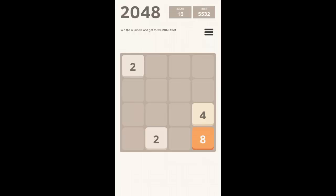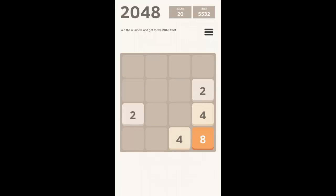Your target is to reach the 2048 number by moving one 1024 number toward another 1024 number. Just watch this demo and download and try the game yourself.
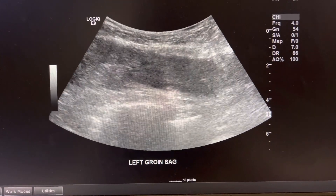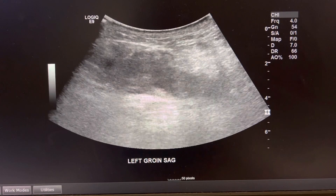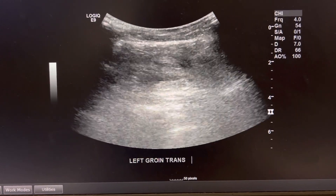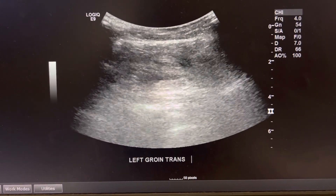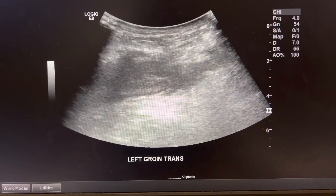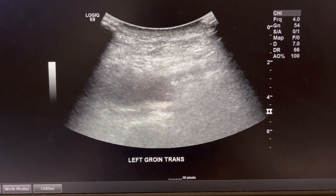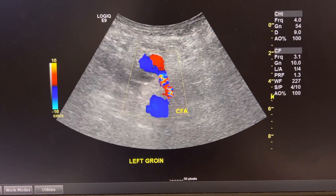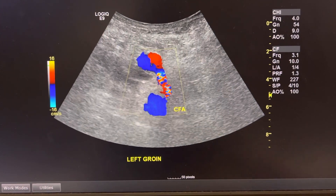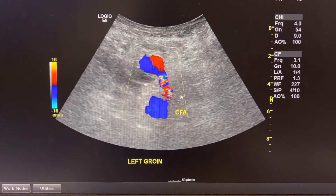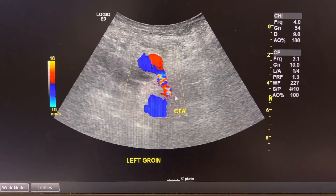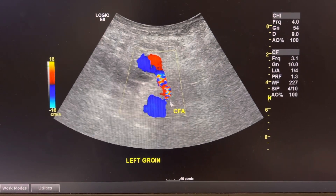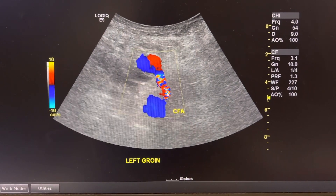In order to see the pseudoaneurysm, I had to find where the common femoral artery was so I could see if there was anything connecting to it. After I took all my pictures of the hematoma, I finally found the common femoral artery, which is right over here, and this is the common femoral vein.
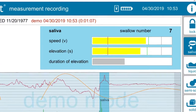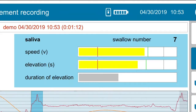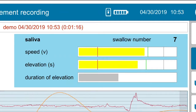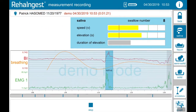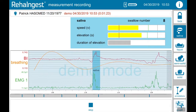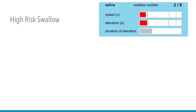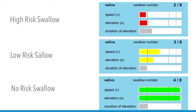A swallow will be highlighted in blue for faster identification. Every single swallow is evaluated on elevation speed, maximum elevation, and duration of the elevation to the maximum of laryngeal movement. ReaIngest gives a specific range: not at all like a healthy swallow, colored in red; partly like a healthy swallow, colored in yellow; or just like a good healthy swallow, colored in green.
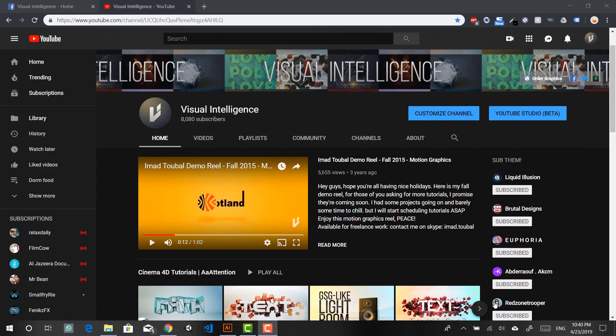How's it going everybody, you're watching Visual Intelligence, and welcome back to another very exciting tutorial. I decided to give it a shot again for YouTube. I took a look at the channel lately and it's at 8,000 subscribers, which is a lot more than what I was expecting to ever reach when I opened this channel.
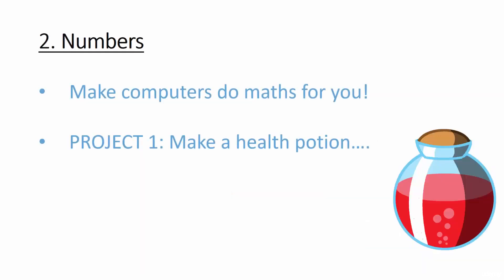We'll then move on to learn how to use numbers in Python. Numbers are absolutely everywhere in programming and if you learn this section well, you may never need to do maths ever again. In this section, we'll also meet our very first project. We'll be using numbers to create a health potion for an imaginary video game. Pretty sweet, right?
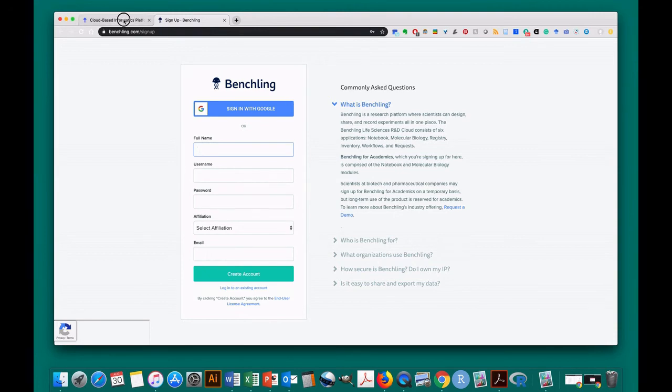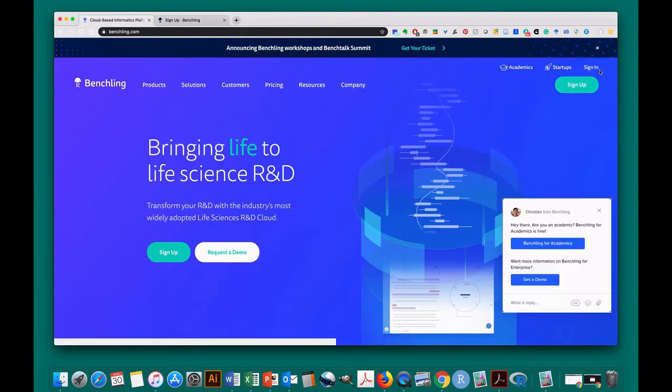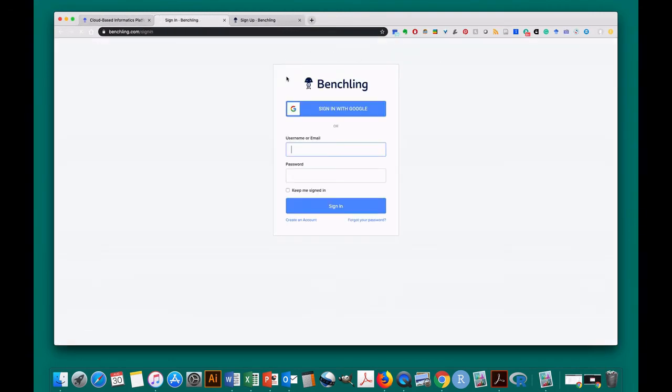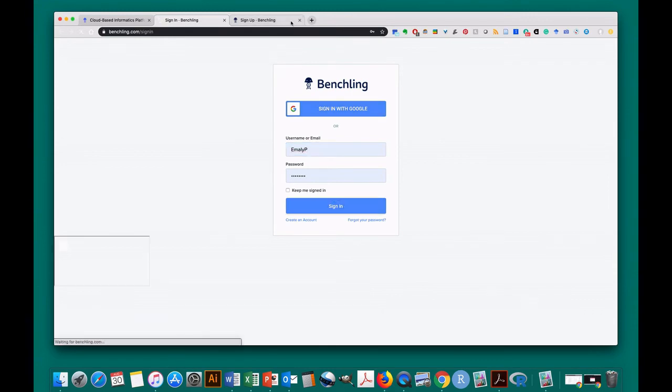Once you do, you'll sign in and the landing page looks like this. And this is the cloud-based visualization platform we'll use.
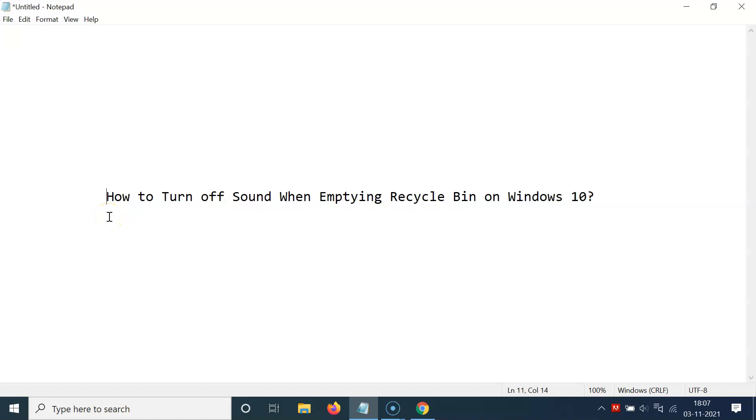Hi guys, in this video I will show you how to turn off sound when emptying Recycle Bin on Windows 10. So let's start.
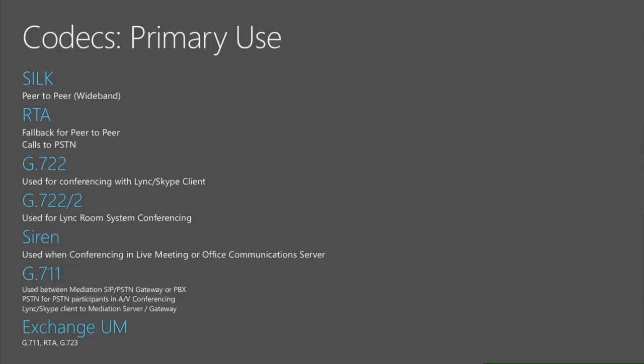Potentially if you are sitting inside of your network you are going to do G.711, maybe RT Audio depending on your connection to the mediation servers.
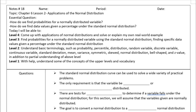In this lesson we're going to be applying the concepts of the normal distribution to word problems. The goals are to find the probabilities given a normally distributed variable, as well as finding data values if you're given a percent — all based on the word problems you'll see in the lesson.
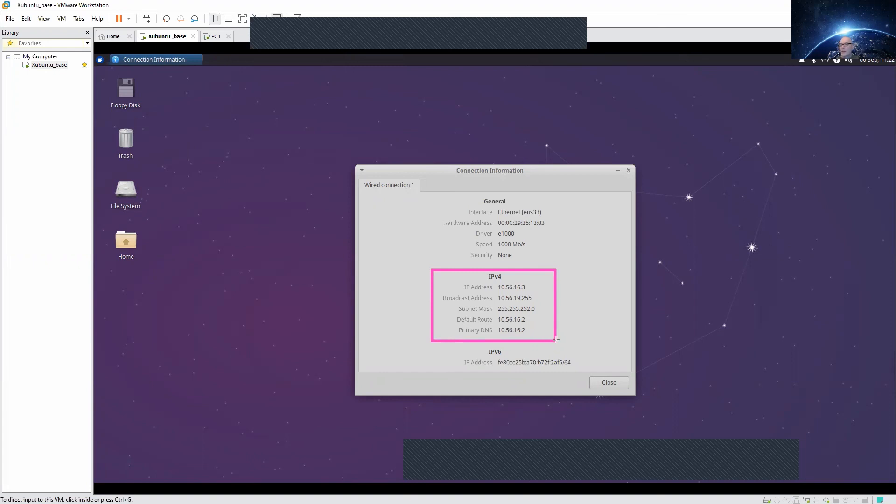You'll probably not understand what all this is but this is exactly what this course is about, understanding these figures here.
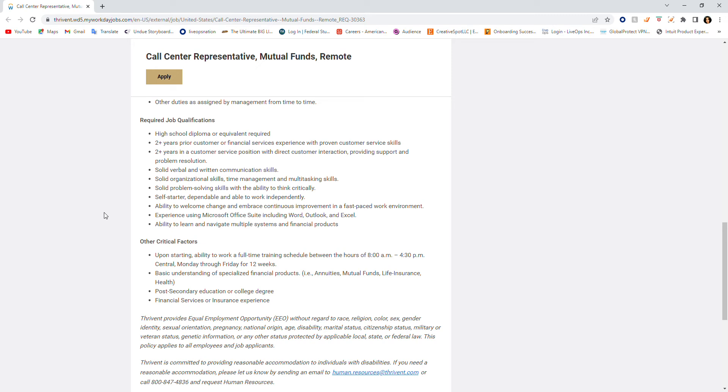Solid verbal and written communication skills. Solid organizational skills. Time management and multitasking. Solid problem-solving skills with the ability to think critically. So critical thinker, self-starter, dependable. Ability to welcome change and embrace continuous improvement. Experience using Microsoft Office Suite including Word, Outlook, and Excel, and the ability to learn and navigate multiple systems again.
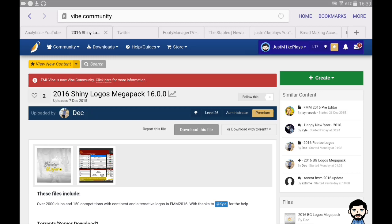Hey guys, just Mike here and welcome back to my channel. Hope you guys are keeping well. I've got something slightly different for you today — it's going to be a tutorial on how to download a logo pack onto Football Manager Mobile 2016. I know you guys have been asking for some time how I get extra logos and player faces, so I just thought I'd show you how to actually do it, as it is fairly simple.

> YOUR GOAL
Nothing but the lines from the one with "How's it going" to the one with "Potentially if you" above, both included, should be transcribed, exactly and without pictures.

> SOLUTION
How's it going everybody, you're watching Visual Intelligence, and welcome back to another very exciting tutorial. I decided to give it a shot again for YouTube. I took a look at the channel lately and it's at 8,000 subscribers, which is a lot more than what I was expecting to ever reach when I opened this channel.
We'll then move on to learn how to use numbers in Python. Numbers are absolutely everywhere in programming and if you learn this section well, you may never need to do maths ever again. In this section, we'll also meet our very first project. We'll be using numbers to create a health potion for an imaginary video game. Pretty sweet, right?
Once you do, you'll sign in and the landing page looks like this. And this is the cloud-based visualization platform we'll use.
Hi guys, in this video I will show you how to turn off sound when emptying Recycle Bin on Windows 10. So let's start.
Potentially if you are sitting inside of your network you are going to do G.711, maybe RT Audio depending on your connection to the mediation servers.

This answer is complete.